SUPPLIED MATERIAL:
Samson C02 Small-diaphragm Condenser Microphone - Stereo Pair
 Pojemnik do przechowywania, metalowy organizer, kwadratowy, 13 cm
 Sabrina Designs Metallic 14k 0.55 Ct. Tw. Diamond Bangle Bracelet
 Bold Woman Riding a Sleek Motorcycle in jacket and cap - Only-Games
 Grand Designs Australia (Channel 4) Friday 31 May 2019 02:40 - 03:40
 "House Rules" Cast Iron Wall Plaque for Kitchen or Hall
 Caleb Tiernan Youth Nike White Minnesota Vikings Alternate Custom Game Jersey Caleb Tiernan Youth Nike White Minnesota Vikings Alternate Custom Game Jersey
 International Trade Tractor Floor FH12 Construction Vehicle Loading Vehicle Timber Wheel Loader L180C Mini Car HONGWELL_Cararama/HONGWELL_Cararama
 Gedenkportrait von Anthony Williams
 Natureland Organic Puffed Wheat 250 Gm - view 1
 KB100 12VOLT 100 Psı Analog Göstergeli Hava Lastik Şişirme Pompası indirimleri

YOUR ASSIGNMENT: Write out again, exactly, the lines from the start of the entries up to and including the one with "Kitchen or Hall". Nothing else belongs in the reply.

SOLUTION FOR THIS TASK:
Samson C02 Small-diaphragm Condenser Microphone - Stereo Pair
 Pojemnik do przechowywania, metalowy organizer, kwadratowy, 13 cm
 Sabrina Designs Metallic 14k 0.55 Ct. Tw. Diamond Bangle Bracelet
 Bold Woman Riding a Sleek Motorcycle in jacket and cap - Only-Games
 Grand Designs Australia (Channel 4) Friday 31 May 2019 02:40 - 03:40
 "House Rules" Cast Iron Wall Plaque for Kitchen or Hall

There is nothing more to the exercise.